SUPPLIED DATA >>

*****

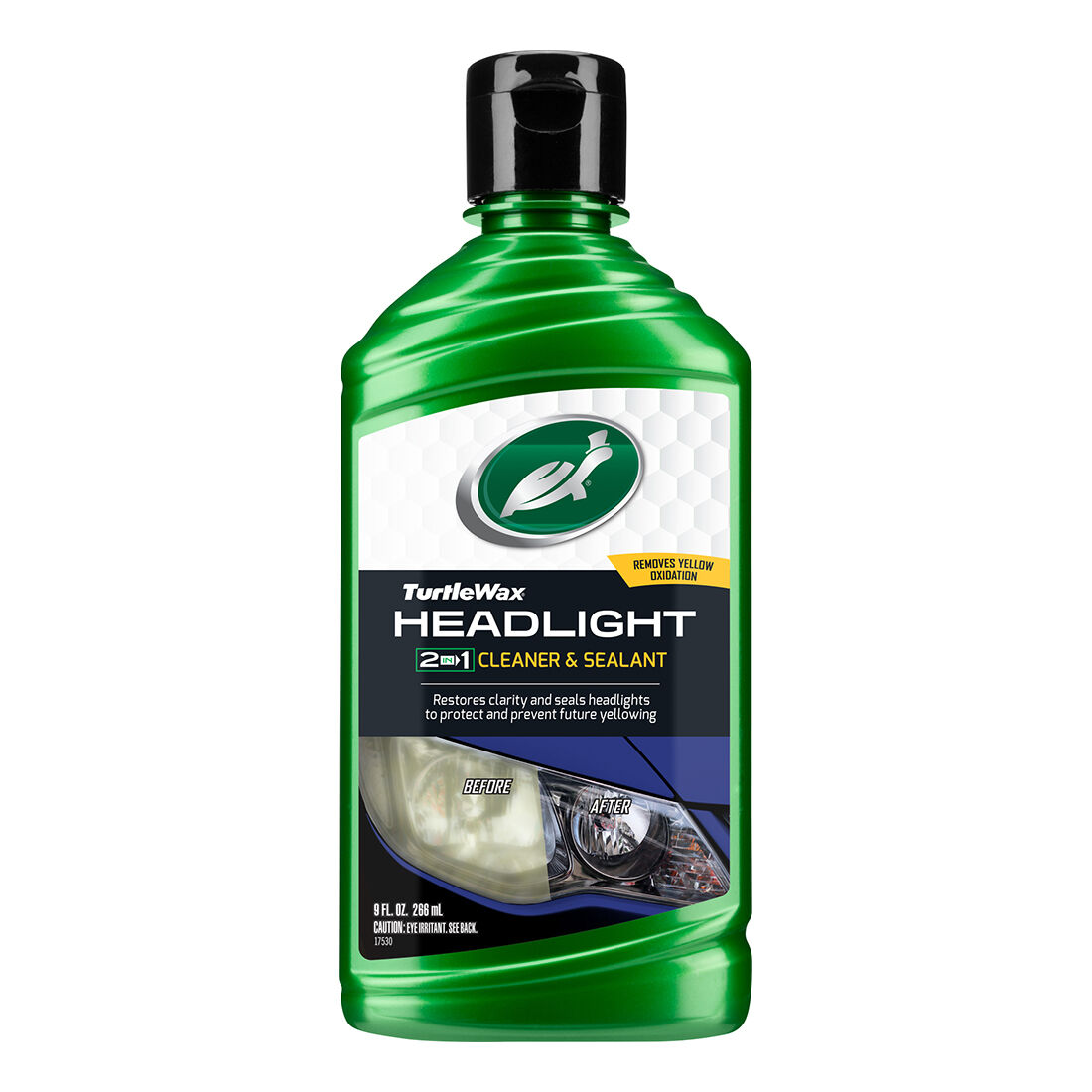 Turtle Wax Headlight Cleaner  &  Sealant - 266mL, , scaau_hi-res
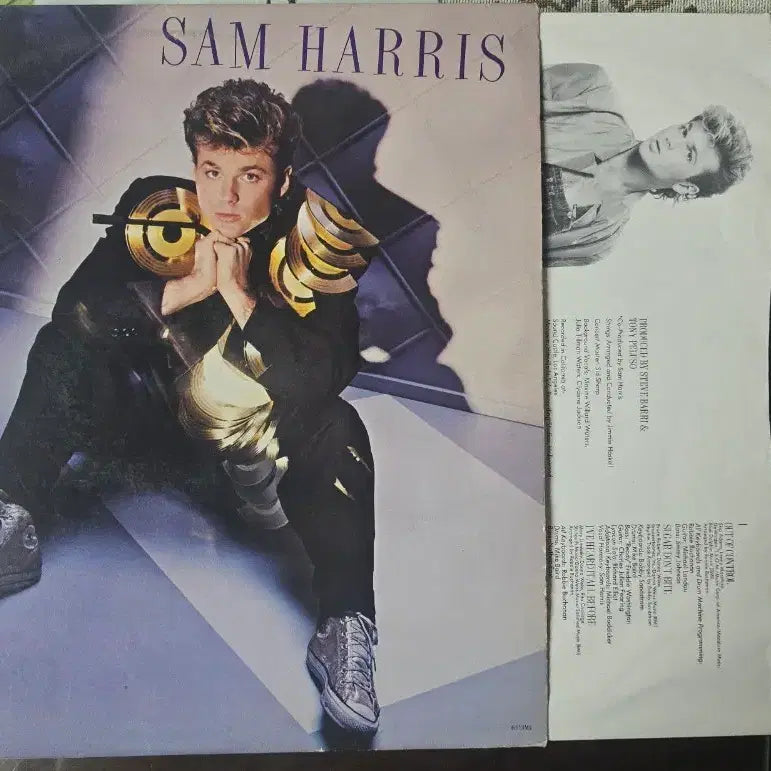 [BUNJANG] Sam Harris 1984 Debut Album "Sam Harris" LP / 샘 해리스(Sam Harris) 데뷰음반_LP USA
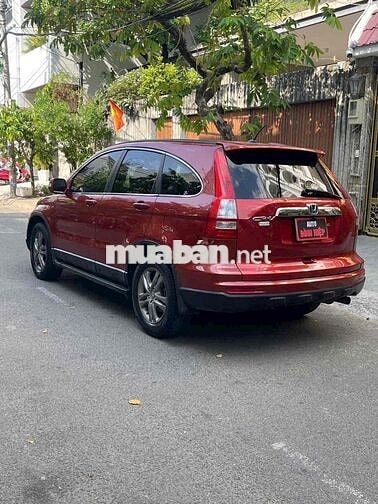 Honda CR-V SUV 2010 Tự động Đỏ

*****

EXERCISE OBJECTIVE >> Your copy of the material above should be exact and free of pictures.

RESPONSE TO THE EXERCISE >>
 Turtle Wax Headlight Cleaner  &  Sealant - 266mL, , scaau_hi-res
 [BUNJANG] Sam Harris 1984 Debut Album "Sam Harris" LP / 샘 해리스(Sam Harris) 데뷰음반_LP USA
 Honda CR-V SUV 2010 Tự động Đỏ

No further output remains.